C’est pour dire qu’une avant-première réussie est plus efficace en termes de retombées commerciales que le dérisoire spot publicitaire télévisé. Sauf que…en la matière aussi la profession fait souvent preuve de manque de professionnalisme. Les avant-premières sont souvent montées à la hâte et ne reflètent pas un réel souci du devenir du film.

En outre,  L’alliance tripartite, producteur-distributeur-exploitant souffre de dysfonctionnements chroniques, les uns et les autres s’accusent mutuellement de manquer aux engagements. Et le bureau du directeur du CCM est encombré  de doléances émanant notamment des producteurs qui en veulent aux distributeurs…Et ces derniers qui crient aux diktats des exploitants.

Or, la vie d’un film dépend en grande partie des soins que l’on apporte à ses premiers contacts avec le grand air. D’autant plus que le rayon d’intervention d’un film marocain se réduit d’année en année. Le dernier bilan établi par les services du Centre cinématographique marocain est révélateur de la carte couverte par la sortie d’un nouveau film.

Si l’on se focalise souvent sur les nombre de salles dans le pays (une trentaine en 2018), le chiffre le plus révélateur concerne l’espace géographique touché  par ce parc restreint :  le cinéma comme pratique sociale urbaine est tout simplement en train de disparaître; des villes entières sont hors zone et ne voient plus arriver des films dans des conditions cinématographiques. Elles sont encore huit villes où le spectacle cinématographique fait de la résistance: Marrakech, Casablanca, Rabat-Salé, Meknès, Fès, Oujda, Tétouan, Tanger. Avec une précision de taille, sur l’ensemble des entrées, les deux tiers sont enregistrées à Casablanca !!!

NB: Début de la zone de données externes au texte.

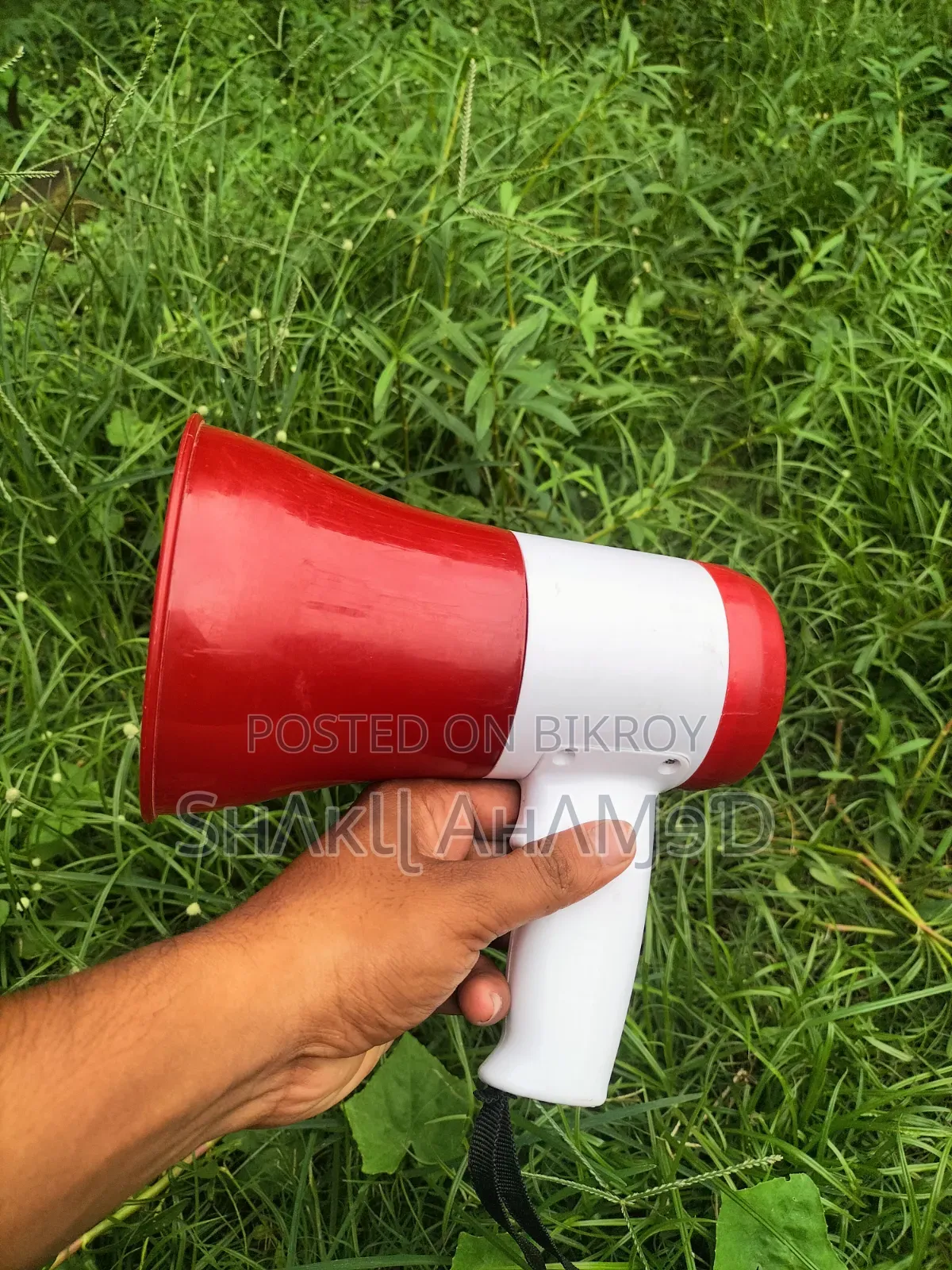 Hand Mic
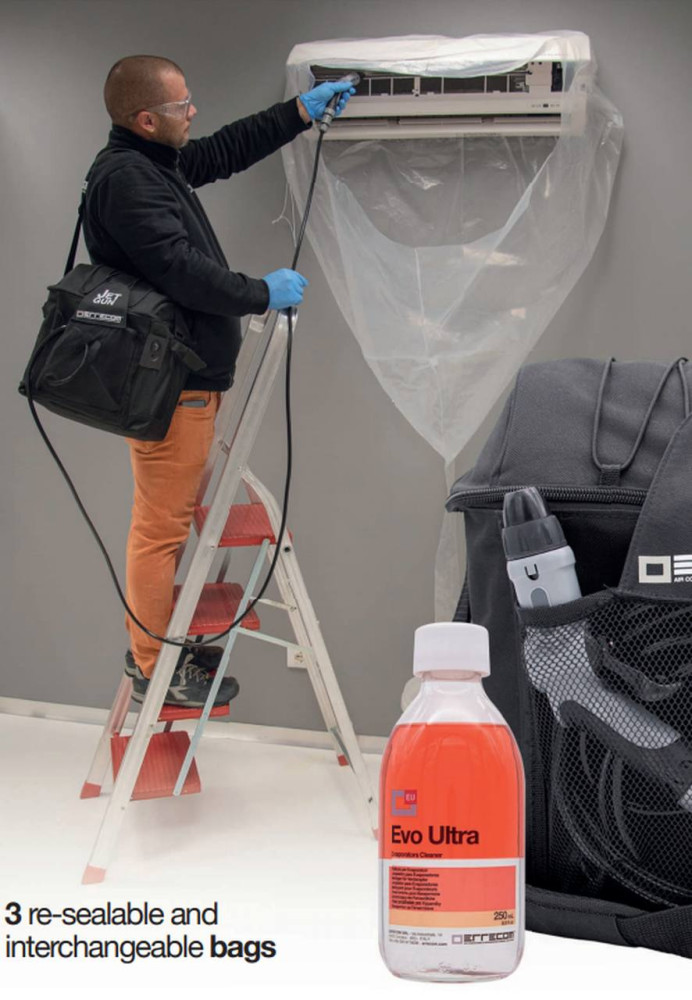 Myjka Ciśnieniowa Do Mycia I Czyszczenia Klimatyzacyji Jet Gun |VP1050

La lecture de la carte de l’exploitation cinématographique révèle un autre paradoxe marocain ; notamment quand il s’agit de croiser les chiffres de la fréquentation des salles et la carte des festivals et manifestations cinématographiques.  Si ces derniers se multiplient d’année en année, leur progression ne signifie nullement un développement de la cinéphilie et la création d’une demande cinématographique.

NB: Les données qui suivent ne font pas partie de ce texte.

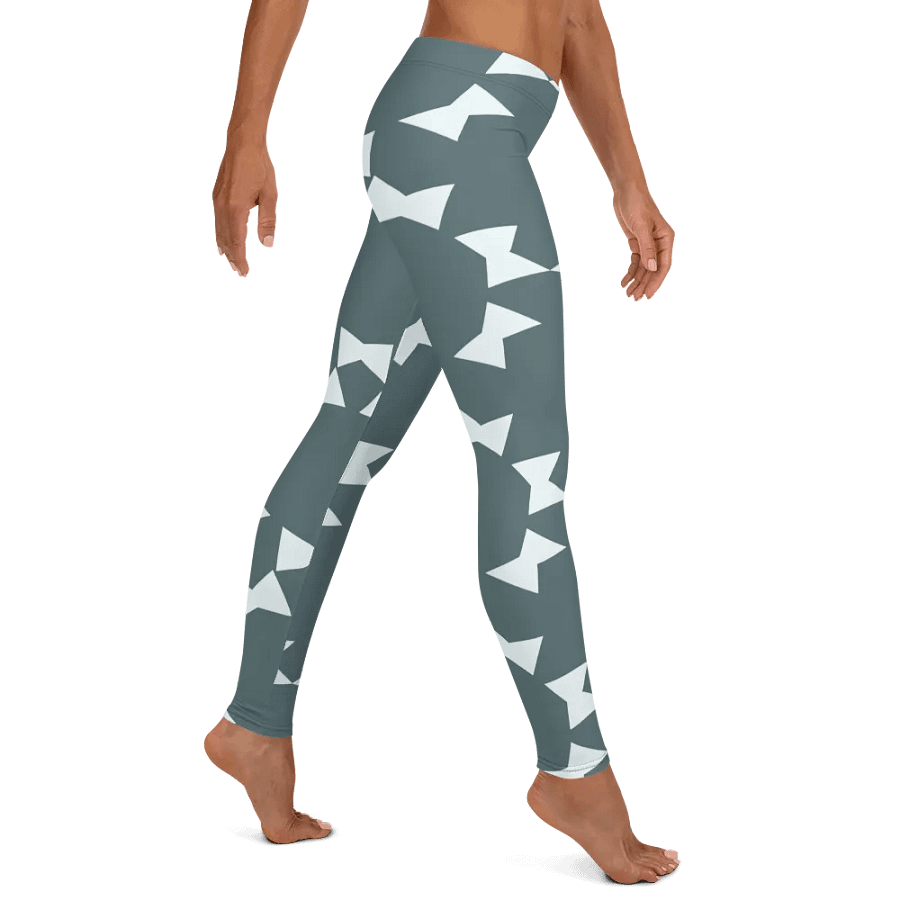 Symmetric Chic: Custom All-Over Print Leggings product image (11)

L’impression qui se dégage est que les festivals sont perçus comme un palliatif à la disparition des salles alors qu’en principe, ils doivent doper le désir du cinéma, favoriser le retour à la salle de cinéma. Nous avons ainsi des régions qui abritent une dizaine de manifestations cinématographiques sans aucun retour bénéfique pour l’activité cinématographique durant le reste de l’année : par exemple, aucun nouveau film marocain ne bénéficie d’une sortie dans ses régions.   De quoi interpeller la commission de subventions des festivals.